TASK STATEMENT:
Look through the entries for the string "Holiday" and copy every line where it shows up.
BEGIN SOURCE INFORMATION
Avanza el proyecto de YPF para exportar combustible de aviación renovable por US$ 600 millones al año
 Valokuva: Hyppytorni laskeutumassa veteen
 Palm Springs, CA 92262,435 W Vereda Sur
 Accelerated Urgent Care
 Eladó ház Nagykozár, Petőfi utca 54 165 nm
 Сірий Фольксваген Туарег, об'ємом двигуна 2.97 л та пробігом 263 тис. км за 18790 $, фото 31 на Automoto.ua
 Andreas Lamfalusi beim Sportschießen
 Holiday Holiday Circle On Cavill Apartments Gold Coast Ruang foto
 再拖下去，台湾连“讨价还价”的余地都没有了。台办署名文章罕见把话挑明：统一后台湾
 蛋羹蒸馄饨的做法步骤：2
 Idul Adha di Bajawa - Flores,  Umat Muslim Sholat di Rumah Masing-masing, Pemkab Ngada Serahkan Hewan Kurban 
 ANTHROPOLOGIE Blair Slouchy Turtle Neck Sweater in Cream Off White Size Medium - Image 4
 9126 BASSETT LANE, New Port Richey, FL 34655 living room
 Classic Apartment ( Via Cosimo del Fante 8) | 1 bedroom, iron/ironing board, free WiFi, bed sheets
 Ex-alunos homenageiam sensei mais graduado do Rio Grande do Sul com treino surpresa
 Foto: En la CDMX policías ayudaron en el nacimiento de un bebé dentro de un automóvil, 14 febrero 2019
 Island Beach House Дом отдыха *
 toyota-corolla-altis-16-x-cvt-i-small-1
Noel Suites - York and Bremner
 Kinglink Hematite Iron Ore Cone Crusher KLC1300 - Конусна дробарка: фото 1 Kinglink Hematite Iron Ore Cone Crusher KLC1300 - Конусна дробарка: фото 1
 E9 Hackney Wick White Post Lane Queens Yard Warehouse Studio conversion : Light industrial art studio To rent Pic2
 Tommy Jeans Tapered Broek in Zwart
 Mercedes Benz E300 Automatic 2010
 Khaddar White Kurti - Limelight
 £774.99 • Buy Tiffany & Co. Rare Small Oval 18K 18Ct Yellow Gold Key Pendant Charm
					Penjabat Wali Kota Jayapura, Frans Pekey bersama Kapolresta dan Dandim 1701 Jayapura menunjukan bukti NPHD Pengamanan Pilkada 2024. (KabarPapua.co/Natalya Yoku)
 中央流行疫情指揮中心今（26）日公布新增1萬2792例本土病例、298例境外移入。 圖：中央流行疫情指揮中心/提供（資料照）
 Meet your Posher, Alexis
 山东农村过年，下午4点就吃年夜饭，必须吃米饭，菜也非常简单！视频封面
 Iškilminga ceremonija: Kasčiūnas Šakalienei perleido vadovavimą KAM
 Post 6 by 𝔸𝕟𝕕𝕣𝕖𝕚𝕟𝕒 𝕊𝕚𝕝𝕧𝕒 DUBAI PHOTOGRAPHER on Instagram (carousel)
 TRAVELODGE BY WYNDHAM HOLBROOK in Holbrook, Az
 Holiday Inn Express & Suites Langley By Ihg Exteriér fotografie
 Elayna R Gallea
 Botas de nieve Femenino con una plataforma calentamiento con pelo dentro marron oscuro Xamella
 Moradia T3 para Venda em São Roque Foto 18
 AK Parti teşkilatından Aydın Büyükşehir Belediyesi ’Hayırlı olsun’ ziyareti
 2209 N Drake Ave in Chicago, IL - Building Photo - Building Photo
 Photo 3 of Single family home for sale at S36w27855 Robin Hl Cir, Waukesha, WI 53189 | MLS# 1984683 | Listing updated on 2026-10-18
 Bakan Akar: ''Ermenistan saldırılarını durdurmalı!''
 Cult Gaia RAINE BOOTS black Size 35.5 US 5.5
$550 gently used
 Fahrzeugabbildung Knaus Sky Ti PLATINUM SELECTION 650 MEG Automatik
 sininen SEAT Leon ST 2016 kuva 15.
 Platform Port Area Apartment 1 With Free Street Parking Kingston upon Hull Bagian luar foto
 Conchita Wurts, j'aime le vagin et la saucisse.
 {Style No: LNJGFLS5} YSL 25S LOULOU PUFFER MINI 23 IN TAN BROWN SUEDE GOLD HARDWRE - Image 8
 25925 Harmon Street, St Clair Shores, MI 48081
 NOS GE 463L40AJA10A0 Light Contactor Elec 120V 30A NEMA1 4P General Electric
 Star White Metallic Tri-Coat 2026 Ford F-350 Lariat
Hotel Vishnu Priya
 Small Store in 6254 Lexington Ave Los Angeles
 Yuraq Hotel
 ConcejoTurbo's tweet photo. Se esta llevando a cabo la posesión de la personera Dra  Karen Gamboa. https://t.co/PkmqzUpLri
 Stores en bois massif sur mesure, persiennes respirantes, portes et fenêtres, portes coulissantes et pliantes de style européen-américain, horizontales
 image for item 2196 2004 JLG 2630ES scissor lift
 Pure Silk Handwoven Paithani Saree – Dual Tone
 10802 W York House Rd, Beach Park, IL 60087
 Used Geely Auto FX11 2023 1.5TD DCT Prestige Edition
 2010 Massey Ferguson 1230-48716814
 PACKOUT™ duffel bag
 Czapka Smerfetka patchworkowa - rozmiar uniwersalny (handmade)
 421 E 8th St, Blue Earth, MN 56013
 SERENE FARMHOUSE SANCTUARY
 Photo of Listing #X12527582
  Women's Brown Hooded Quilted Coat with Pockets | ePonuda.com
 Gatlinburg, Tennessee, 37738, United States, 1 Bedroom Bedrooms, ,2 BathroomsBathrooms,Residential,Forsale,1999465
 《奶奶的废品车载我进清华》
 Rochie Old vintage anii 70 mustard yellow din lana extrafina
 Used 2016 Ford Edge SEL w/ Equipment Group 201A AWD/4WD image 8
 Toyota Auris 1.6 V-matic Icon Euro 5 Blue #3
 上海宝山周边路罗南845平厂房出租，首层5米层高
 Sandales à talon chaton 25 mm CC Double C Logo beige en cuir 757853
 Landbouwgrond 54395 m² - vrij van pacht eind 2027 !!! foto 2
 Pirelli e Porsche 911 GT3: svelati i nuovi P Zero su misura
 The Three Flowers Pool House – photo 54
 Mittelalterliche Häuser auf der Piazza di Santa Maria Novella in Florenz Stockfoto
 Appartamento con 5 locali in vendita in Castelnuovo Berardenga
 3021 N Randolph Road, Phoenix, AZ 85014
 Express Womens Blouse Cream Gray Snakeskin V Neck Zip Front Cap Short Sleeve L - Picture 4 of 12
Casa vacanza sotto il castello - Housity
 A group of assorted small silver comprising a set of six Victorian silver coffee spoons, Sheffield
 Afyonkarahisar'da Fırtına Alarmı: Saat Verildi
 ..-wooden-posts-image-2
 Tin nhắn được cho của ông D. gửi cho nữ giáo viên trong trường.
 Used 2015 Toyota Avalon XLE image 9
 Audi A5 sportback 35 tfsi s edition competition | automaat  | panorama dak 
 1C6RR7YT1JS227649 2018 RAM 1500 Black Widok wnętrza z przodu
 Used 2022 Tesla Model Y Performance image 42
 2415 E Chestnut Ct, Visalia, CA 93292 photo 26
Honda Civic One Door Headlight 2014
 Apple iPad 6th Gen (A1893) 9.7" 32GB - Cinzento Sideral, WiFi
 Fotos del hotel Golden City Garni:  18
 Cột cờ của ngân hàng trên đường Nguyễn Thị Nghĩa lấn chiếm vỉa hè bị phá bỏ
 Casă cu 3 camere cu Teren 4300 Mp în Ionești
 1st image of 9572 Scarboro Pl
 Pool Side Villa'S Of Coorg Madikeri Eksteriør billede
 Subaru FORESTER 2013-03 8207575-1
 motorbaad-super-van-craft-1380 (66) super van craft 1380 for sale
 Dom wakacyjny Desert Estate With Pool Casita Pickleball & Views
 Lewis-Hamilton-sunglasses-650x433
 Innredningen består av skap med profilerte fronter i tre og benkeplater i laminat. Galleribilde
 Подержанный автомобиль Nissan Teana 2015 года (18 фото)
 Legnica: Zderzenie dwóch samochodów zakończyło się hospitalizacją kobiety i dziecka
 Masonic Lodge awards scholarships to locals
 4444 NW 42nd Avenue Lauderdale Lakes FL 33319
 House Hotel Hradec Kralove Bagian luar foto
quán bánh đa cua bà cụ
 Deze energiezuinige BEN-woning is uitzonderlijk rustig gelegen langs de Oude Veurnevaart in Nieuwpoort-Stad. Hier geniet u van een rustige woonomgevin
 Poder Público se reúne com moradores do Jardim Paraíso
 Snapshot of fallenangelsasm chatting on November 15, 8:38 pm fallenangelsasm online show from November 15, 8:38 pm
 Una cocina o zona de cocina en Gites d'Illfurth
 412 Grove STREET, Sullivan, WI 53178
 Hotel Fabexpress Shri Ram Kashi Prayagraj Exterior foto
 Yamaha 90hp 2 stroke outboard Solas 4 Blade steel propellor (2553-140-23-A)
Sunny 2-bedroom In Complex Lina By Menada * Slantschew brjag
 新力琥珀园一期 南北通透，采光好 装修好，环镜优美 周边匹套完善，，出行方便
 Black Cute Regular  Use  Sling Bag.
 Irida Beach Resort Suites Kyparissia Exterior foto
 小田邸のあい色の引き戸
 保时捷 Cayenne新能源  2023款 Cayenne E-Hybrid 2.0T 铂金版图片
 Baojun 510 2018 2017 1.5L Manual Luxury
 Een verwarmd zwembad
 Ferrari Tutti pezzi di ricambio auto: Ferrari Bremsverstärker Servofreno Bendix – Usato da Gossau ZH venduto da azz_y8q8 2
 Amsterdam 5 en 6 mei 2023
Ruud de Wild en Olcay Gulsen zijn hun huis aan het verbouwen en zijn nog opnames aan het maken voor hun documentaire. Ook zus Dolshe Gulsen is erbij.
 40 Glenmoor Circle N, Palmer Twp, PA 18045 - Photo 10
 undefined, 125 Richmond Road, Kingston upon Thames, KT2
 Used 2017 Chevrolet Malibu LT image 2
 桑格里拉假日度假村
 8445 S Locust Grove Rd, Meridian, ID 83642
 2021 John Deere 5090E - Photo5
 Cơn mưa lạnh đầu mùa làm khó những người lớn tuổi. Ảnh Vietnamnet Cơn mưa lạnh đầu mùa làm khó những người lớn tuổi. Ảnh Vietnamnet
END SOURCE INFORMATION
WRITTEN ANSWER:
 Holiday Holiday Circle On Cavill Apartments Gold Coast Ruang foto
 Holiday Inn Express & Suites Langley By Ihg Exteriér fotografie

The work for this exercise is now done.